The securities were offered pursuant to an automatically effective shelf registration statement on Form S-3 filed with the Securities and Exchange Commission (“SEC”) on August 31, 2022, as amended. The final prospectus supplement and accompanying prospectus relating to the Offering were filed with the SEC and may be obtained from: B. Riley Securities, Inc., by telephone at (703) 312-9580 or by email at prospectuses@brileyfin.com or by accessing the SEC’s website at www.sec.gov.

About the Company

Bed Bath & Beyond Inc. and subsidiaries (the “Company”) is an omnichannel retailer that makes it easy for our customers to feel at home. The Company sells a wide assortment of merchandise primarily in the Home and Baby markets. Additionally, the Company is a partner in a joint venture which operates retail stores in Mexico under the name Bed Bath & Beyond.

The Company operates websites at bedbathandbeyond.com, bedbathandbeyond.ca, buybuybaby.com, and buybuybaby.ca.
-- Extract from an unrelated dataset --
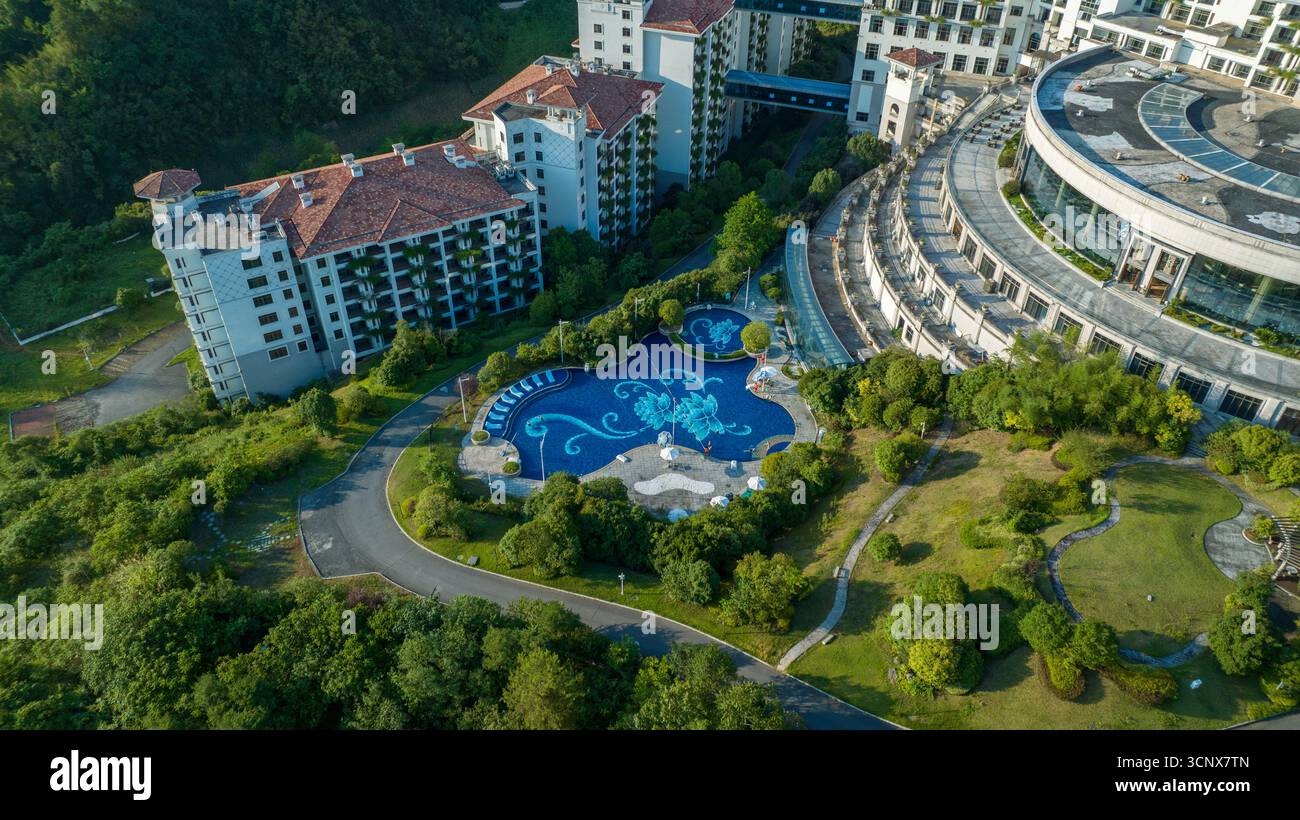 Vista aerea di un resort opulento con una piscina dal design serpeggiante e lussureggianti dintorni verdi, Zhangjiajie, Hunan, Cina. Foto Stock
Forward-Looking Statements

This press release contains a number of forward-looking statements. Words such as “expect,” “will,” “working,” “plan” and variations of such words and similar future or conditional expressions are intended to identify forward-looking statements. These forward-looking statements include, but are not limited to, statements regarding the Company’s beliefs and expectations relating to the receipt of the full amount of gross proceeds of the Company’s previously announced financing transactions and the anticipated use of proceeds therefrom and the Company’s ability to execute its transformative plans. These forward-looking statements are not guarantees of future results and are subject to a number of risks and uncertainties, many of which are difficult to predict and beyond the Company’s control. Important factors that may cause actual results to differ materially from those in the forward-looking statements include, but are not limited to, the uncertainties related to market conditions and the receipt of the full amount of gross proceeds from such financing transactions on the anticipated terms or at all, the Company’s ability to use proceeds from such financing transactions to pay down outstanding debt obligations and operate its business; risks related to the failure to receive the full amount of gross proceeds from such financing transactions, which the Company expects will likely force it to file for bankruptcy protection; the Company’s ability to regain access to its credit agreement; the Company’s ability to deliver and execute on its turnaround plan; the Company’s potential need to seek additional strategic alternatives, including restructuring or refinancing of its debt, seeking additional debt or equity capital, reducing or delaying its business activities and strategic initiatives, or selling assets, other strategic transactions and/or other measures, including obtaining relief under the U.S. Bankruptcy Code, and the terms, value and timing of any transaction resulting from that process; the Company’s ability to finalize or fully


execute actions and steps that would be probable of mitigating the existence of “substantial doubt” regarding the Company’s ability to continue as a going concern; and the Company’s ability to increase cash flow to support the Company’s operating activities and fund its obligations and working capital needs, and the other risk factors described in the Company’s filings with the SEC, including the factors set forth under the section entitled “Risk Factors” in our Annual Report on Form 10-K for the year ended February 26, 2022, our Quarterly Report on Form 10-Q for the quarter ended August 27, 2022, our Quarterly Report on Form 10-Q for the quarter ended November 26, 2022, Exhibit 99.3 to our Current Report on Form 8-K filed on February 6, 2023 and our Current Report on Form 8-K filed on February 7, 2023. The Company disclaims and does not undertake any obligation to update or revise any forward-looking statement in this press release, except as required by applicable law or regulation.